EXERCISE OBJECTIVE
In the entries below, count each line holding the word "Double". Answer with the total alone.

Extracted records:
■ ■ ■ ■ ■ ■ ■
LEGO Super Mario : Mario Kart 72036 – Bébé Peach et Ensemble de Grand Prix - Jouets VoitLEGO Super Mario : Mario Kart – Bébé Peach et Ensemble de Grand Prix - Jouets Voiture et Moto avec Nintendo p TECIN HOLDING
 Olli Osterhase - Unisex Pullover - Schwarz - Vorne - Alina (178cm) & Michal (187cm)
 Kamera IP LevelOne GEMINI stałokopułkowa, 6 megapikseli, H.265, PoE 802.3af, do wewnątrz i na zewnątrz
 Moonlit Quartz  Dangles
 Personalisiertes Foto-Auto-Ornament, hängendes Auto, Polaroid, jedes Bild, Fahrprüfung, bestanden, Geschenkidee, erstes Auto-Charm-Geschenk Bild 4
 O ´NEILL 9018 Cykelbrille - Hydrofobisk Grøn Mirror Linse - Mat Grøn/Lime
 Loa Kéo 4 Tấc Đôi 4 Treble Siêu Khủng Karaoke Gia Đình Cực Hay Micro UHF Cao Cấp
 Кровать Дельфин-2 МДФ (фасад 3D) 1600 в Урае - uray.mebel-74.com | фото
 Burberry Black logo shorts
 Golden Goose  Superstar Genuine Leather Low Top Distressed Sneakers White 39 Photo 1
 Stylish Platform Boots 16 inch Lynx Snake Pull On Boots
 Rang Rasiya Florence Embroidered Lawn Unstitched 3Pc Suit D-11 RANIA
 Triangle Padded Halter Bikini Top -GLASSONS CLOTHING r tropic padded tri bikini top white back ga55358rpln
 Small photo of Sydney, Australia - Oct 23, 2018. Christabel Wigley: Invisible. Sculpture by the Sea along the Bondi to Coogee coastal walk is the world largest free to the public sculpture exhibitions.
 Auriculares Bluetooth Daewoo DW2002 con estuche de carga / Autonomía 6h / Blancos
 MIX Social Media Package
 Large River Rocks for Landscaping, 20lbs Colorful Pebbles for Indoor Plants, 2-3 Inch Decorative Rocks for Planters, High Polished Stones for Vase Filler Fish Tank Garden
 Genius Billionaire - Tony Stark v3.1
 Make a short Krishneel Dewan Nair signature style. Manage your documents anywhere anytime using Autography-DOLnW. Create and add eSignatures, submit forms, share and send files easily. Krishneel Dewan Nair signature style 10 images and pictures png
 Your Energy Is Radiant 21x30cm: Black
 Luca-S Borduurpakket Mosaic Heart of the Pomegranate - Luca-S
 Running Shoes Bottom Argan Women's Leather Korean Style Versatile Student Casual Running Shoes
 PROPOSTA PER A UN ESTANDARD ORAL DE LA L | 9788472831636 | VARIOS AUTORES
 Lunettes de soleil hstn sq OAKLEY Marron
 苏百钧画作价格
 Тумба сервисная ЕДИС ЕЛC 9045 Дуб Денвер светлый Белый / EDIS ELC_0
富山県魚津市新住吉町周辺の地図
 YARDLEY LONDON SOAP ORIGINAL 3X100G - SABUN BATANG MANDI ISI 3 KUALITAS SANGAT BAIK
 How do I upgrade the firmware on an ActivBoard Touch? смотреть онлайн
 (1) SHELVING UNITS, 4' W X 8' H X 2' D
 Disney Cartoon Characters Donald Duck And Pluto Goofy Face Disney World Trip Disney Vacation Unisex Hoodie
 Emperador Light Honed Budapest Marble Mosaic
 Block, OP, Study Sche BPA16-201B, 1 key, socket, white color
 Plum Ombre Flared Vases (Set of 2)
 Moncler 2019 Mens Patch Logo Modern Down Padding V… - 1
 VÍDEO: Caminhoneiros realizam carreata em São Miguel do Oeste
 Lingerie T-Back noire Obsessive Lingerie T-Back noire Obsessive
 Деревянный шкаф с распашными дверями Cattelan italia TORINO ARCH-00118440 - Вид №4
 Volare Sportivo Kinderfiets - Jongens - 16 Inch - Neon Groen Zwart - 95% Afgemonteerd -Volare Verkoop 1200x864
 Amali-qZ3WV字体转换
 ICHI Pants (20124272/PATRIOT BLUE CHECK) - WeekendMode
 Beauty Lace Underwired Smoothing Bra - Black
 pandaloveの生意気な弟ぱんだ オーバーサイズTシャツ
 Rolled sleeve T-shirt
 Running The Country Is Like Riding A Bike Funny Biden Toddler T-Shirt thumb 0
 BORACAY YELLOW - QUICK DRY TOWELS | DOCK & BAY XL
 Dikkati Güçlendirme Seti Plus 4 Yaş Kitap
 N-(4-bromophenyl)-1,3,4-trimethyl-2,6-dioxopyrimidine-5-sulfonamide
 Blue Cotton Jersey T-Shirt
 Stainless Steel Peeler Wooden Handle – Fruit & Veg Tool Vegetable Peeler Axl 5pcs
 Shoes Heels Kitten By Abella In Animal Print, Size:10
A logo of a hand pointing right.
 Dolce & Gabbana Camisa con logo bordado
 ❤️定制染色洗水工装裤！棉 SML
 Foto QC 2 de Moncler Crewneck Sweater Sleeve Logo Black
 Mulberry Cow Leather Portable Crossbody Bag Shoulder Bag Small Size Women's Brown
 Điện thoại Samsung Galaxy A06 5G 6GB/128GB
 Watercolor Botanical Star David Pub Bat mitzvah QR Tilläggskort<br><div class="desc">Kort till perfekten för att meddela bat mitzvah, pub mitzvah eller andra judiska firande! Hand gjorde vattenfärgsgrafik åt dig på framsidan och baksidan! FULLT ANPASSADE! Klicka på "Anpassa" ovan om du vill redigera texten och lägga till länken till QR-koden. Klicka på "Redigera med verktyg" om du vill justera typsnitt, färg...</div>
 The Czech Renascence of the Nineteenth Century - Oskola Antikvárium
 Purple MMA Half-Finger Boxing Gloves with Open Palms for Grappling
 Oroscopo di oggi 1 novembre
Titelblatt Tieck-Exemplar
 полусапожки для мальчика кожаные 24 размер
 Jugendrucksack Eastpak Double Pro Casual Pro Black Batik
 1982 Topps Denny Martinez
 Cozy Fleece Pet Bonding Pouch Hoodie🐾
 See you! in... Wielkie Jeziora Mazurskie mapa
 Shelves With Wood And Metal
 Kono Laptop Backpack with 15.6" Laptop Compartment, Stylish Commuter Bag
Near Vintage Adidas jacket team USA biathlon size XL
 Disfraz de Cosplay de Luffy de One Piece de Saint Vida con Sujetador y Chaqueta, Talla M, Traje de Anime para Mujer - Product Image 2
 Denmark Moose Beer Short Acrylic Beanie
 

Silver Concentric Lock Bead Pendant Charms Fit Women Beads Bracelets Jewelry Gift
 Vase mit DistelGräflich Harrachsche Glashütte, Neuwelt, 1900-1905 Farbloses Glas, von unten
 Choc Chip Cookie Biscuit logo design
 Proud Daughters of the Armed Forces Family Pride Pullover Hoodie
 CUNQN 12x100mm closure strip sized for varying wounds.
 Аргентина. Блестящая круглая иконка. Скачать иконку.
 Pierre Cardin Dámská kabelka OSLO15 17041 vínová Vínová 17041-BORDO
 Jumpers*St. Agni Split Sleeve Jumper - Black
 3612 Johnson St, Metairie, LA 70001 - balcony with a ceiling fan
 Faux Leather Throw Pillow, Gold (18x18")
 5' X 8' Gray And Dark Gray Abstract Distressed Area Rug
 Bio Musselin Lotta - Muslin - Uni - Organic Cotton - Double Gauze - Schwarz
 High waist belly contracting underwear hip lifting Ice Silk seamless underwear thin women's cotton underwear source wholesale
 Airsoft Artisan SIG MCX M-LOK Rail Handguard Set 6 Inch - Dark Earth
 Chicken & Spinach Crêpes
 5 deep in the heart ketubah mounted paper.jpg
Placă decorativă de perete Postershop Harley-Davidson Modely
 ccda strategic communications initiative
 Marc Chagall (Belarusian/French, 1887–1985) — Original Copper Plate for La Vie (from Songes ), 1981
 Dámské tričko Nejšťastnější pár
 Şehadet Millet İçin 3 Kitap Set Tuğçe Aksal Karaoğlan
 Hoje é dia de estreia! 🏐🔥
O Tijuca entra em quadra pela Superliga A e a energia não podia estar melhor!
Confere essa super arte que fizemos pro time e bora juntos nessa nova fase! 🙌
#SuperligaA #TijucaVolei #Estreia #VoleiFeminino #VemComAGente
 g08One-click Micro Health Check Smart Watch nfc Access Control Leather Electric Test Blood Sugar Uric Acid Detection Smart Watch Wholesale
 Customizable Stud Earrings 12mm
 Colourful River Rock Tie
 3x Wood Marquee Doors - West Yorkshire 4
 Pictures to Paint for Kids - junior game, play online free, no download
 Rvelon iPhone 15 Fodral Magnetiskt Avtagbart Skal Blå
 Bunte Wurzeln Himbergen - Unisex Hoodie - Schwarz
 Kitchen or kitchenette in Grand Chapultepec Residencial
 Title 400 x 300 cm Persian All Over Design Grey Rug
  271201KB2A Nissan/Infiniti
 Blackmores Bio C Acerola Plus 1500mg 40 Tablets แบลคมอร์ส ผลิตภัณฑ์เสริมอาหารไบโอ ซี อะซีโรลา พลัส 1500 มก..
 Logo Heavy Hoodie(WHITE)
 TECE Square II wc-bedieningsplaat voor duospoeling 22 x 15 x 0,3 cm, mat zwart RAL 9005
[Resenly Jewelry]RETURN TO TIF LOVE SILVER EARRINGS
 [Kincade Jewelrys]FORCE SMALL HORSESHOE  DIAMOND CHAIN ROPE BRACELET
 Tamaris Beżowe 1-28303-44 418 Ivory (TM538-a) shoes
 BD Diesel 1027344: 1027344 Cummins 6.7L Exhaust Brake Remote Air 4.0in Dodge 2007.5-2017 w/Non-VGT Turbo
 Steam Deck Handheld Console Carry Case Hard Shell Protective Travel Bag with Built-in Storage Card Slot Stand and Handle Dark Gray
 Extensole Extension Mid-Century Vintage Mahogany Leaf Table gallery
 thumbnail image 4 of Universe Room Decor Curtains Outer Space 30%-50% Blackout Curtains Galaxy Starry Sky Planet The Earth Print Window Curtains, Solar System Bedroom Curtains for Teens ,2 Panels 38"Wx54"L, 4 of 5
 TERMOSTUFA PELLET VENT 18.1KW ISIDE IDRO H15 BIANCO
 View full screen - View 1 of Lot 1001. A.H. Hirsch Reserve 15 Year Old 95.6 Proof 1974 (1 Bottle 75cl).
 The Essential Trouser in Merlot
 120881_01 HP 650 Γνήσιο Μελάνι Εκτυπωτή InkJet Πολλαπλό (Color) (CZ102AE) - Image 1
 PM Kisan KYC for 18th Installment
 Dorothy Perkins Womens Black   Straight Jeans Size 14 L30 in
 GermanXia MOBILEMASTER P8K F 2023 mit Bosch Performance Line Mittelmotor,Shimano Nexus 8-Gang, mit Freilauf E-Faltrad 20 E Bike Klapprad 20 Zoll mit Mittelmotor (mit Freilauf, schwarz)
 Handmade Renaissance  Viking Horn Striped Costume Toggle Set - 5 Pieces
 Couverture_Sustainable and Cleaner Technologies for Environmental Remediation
■ ■ ■ ■ ■ ■ ■
RESULT OF THIS TASK
2